Getting youth back to agriculture as service providers
For reduced market barriers, diversified enterprise and livelihood opportunities.
How are youth being gainfully employed as mechanization service providers in the African region?
About one-third of Africa’s nearly 500 million youth aged 15-35 are unemployed. The high rate of youth unemployment remains a critical concern for governments as it results in poor living conditions. This can prove a key driver for migration, may trigger insecurity and even political instability. Yet, youth being Africa’s greatest asset, offer a dynamic workforce that is innovative, appetite for a high uptake of modern technological know-how, and ability to take on significant levels of risk.
In Tanzania, although two thirds of the workforce depend on agriculture for their livelihoods, most farms are still reliant on unproductive manual farming methods. With an increase in the number of young people migrating in search of better opportunities and to escape manual farming, their future with farming as a livelihood is increasingly becoming unattractive.
To address such concerns, mechanisation of small farms can create many employment opportunities while increasing agricultural productivity and income.

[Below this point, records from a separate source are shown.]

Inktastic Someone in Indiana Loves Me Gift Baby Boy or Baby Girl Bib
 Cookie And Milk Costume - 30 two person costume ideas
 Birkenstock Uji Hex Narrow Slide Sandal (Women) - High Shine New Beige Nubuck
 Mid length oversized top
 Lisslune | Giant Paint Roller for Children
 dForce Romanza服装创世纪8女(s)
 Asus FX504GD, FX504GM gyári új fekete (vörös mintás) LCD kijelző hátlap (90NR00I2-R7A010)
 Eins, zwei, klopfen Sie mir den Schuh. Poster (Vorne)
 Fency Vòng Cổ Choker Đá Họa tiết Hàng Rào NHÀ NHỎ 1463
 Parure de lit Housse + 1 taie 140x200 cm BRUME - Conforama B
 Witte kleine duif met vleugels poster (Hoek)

In 2019, the Alliance for Bioversity International (Bioversity International) & the International Centre for Tropical Agriculture (CIAT) and the Tanzania Agriculture Research Institute (TARI), both members of the Pan-Africa Bean Research Alliance (PABRA-Africa), in collaboration with Soybean Innovation Lab of Missouri State University trained local artisans on manufacturing Multi-Crop Threshers (MCT) in Tanzania.